10 October, 2016 – Today we as a group had our first meeting with Renée Steenbergen, PhD Art Historian from the University of Amsterdam. With being companied by our professor, Dr. Edward Akintola Hubbard as a mediator. We begin the meeting with discussing with Renee’s over her research in art philanthropy and patronage in the Dutch context. Particular she is interested in the research of private funding in the arts as the state begins to economize, -cut funding. In her latest research, De Nieuwe Mecenas, she is considering art philanthropy as a political instrument, foundational donating, and younger donor circles. Her recent work is grant sponsor by the University of Utrecht through the Give Culture a fellowship by the Foundation Sponsorship and The Prince Bernhard culture Fund until 2018.
We quickly shifted our discussion into of role of us as researchers and students in the context of Renee’s research project.
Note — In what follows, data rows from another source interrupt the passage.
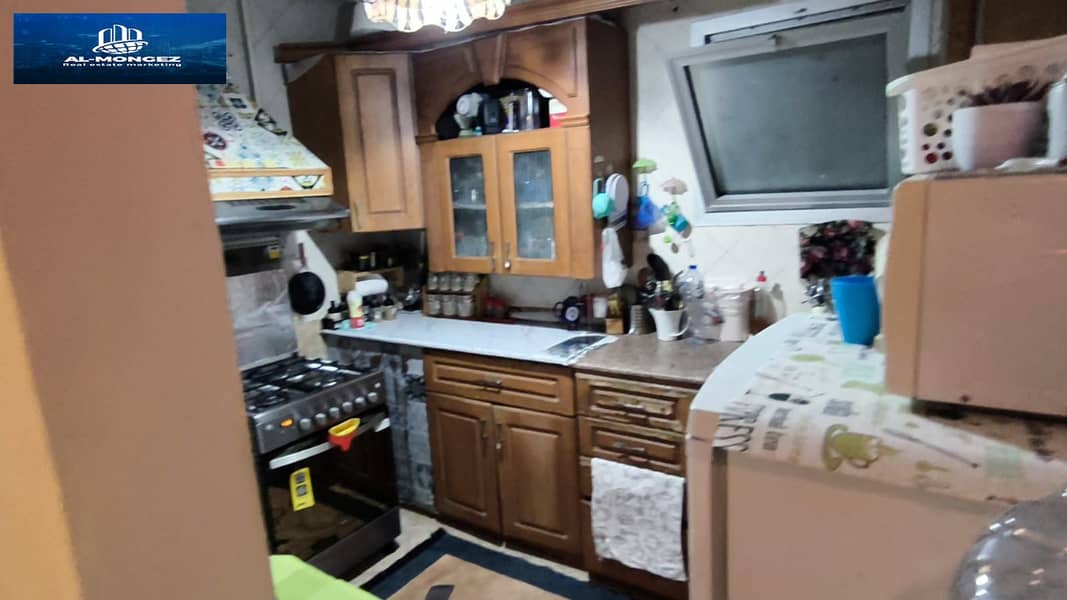 7 WhatsApp Image 2025-11-11 at 15.41. 43_2b823c91. jpg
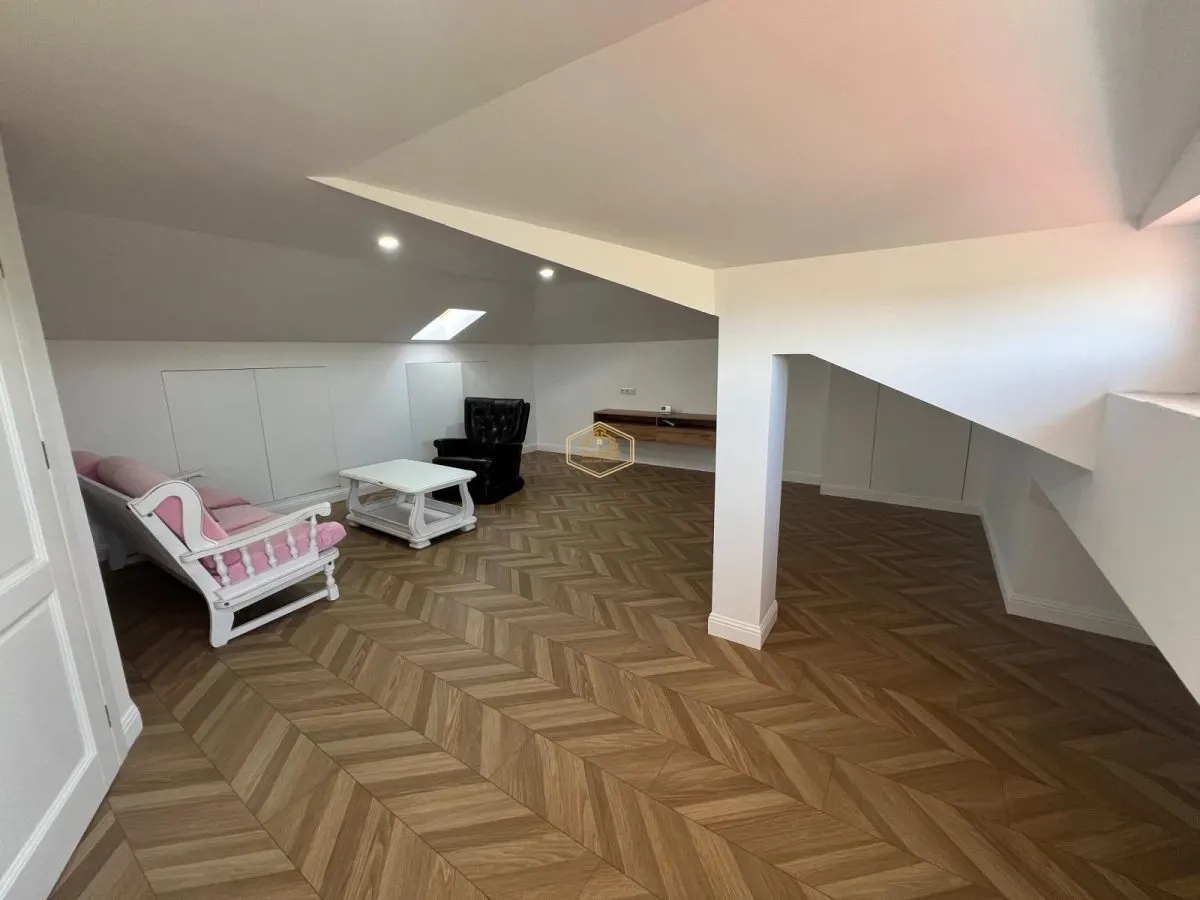 Casa superbă în Satu Mare | Eleganță, liniște și spațiu generos - foto 17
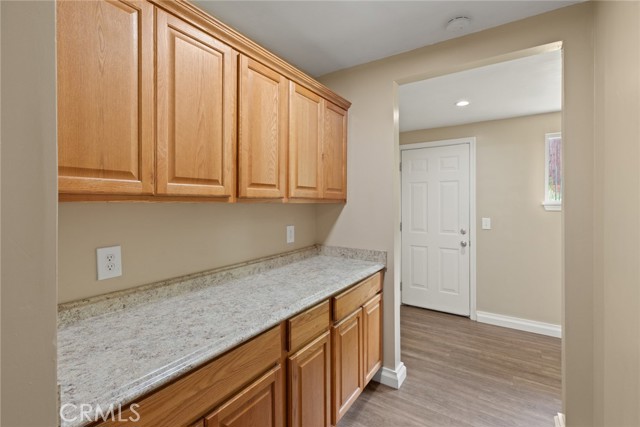 Detail Gallery Image 9 of 20 For 2981 Elgin St, Oroville,  CA 95966 - 2 Beds | 1 Baths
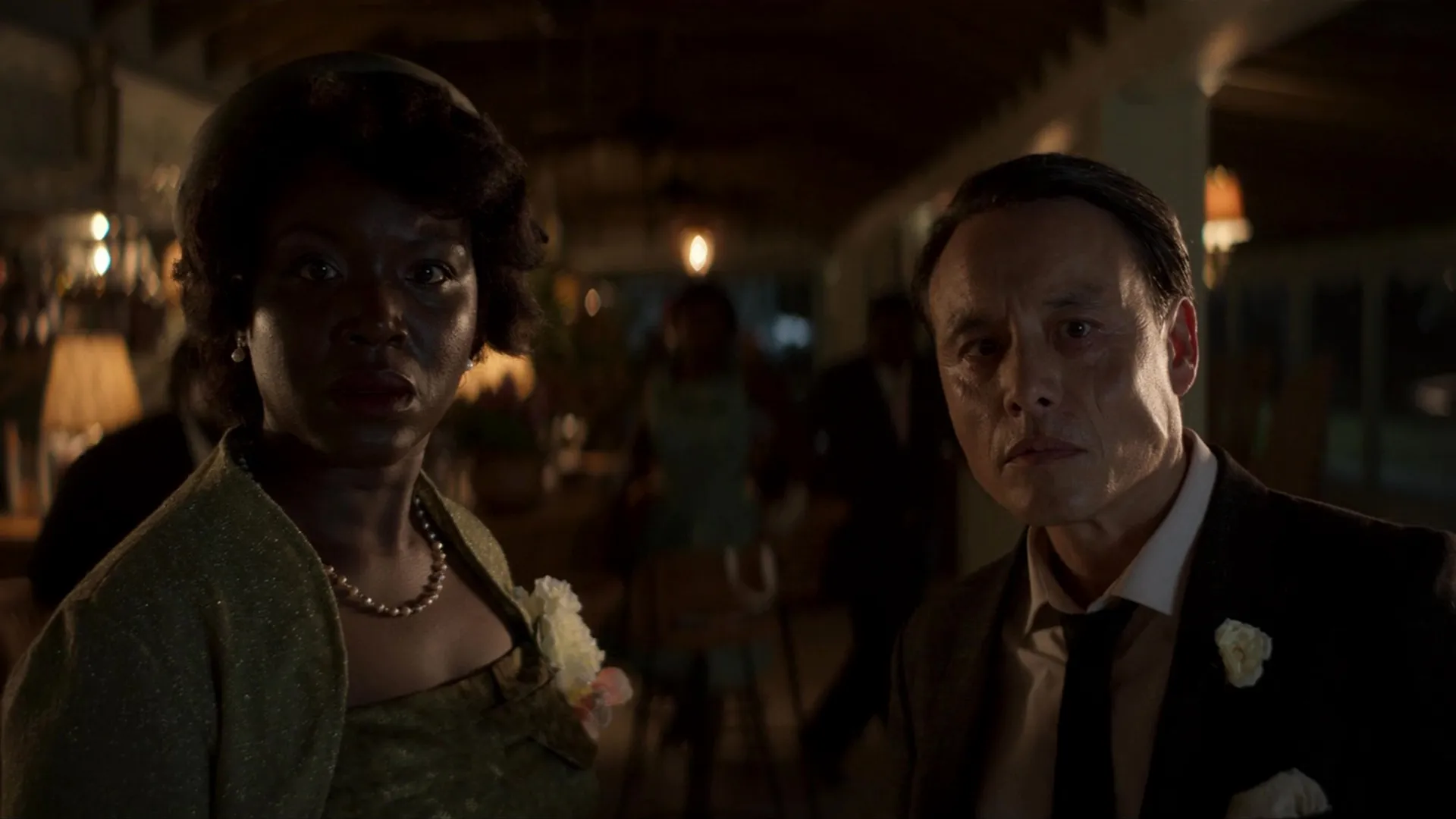 thumbnail - S1:E2 Coventina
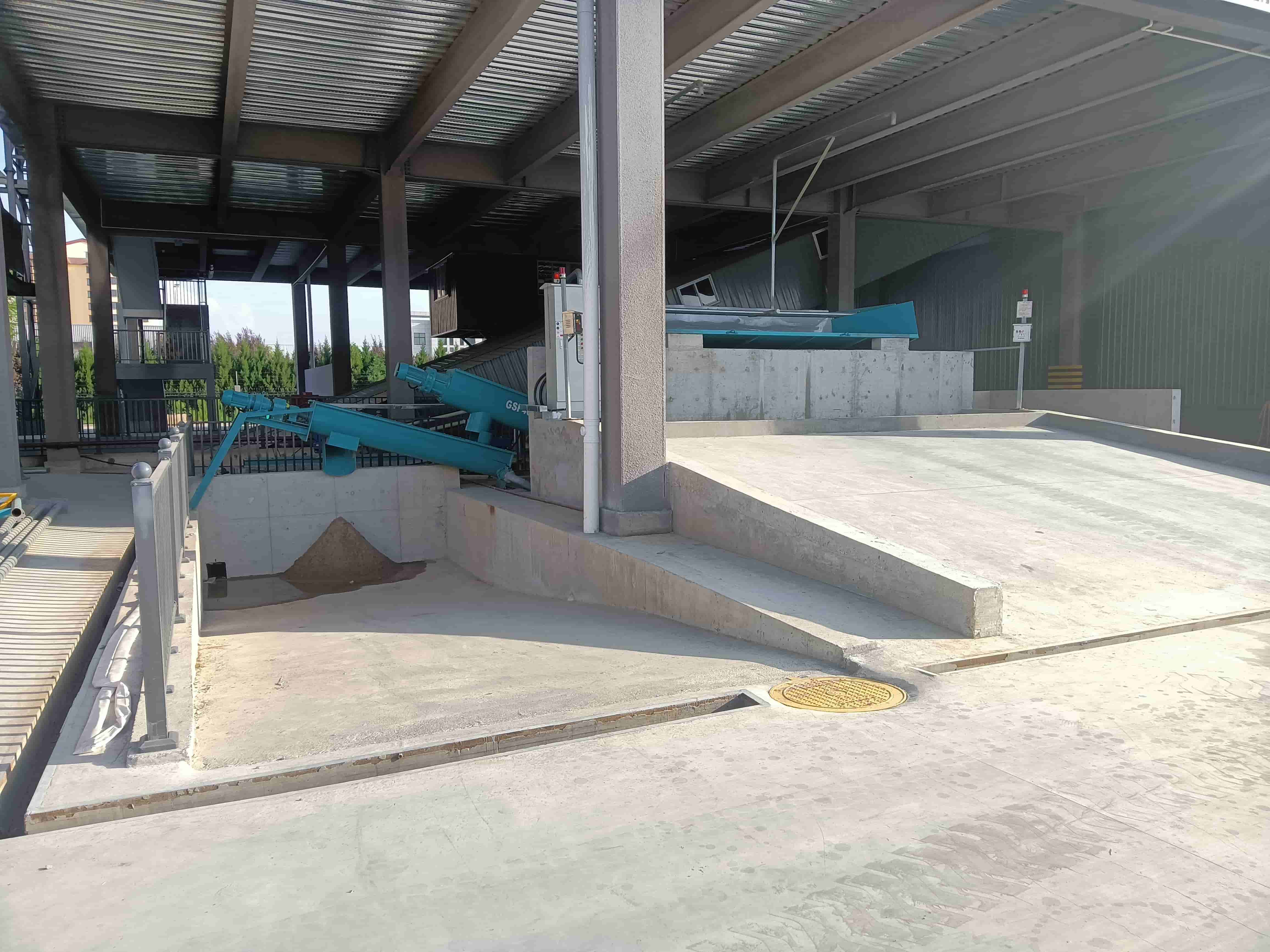 ɰʯ���x�C(j��)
Our group will be spilt between Karel and Adam, whom is to understand and interpret project literature, and Morgane and Iris, whom is to evaluate data sets and surveys. Much of the data is driven from various surveys from art institutions, big and small donors, donors which have stopped donating, and younger donor circles within the institutions. Our group seemed to arrive at a set of future tasks that both examine qualitative and quantitative data sets.
Our fist contact was really of introductions and discussing Renee’s research and how we as students could benefit and how she can benefit in our cooperation.
The take away question was, “Why should individuals, public or private sectors invest in the arts?” Renee’s very elegant response was of seeing art has “a basic human desire to create, and in that it is important to fund each generation to foster this mentality in the context of human cultural history”. Her response gave a very humbling humanistic face to art investment in the ever-growing current neoliberalizing global economy.